(PROVIDED DATA):
********
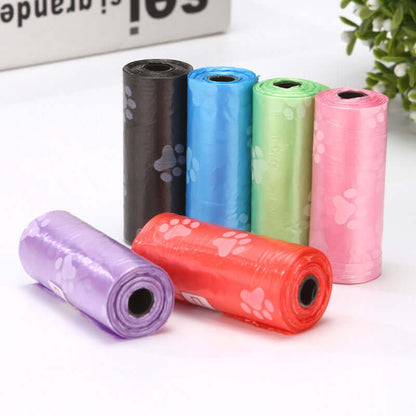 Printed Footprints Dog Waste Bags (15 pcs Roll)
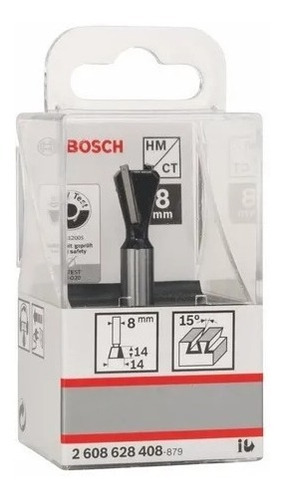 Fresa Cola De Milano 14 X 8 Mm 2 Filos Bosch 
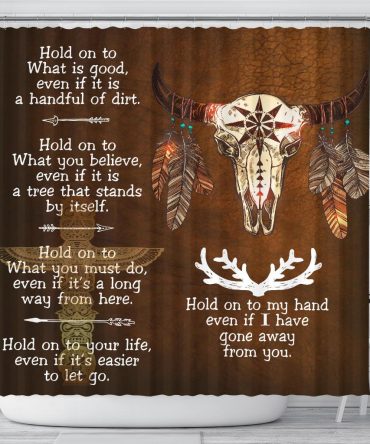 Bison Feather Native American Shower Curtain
********
(EXERCISE INSTRUCTIONS): The job is to return the listing above exactly, minus its pictures.

(OUTPUT OF THE EXERCISE):
 Printed Footprints Dog Waste Bags (15 pcs Roll)
 Fresa Cola De Milano 14 X 8 Mm 2 Filos Bosch 
 Bison Feather Native American Shower Curtain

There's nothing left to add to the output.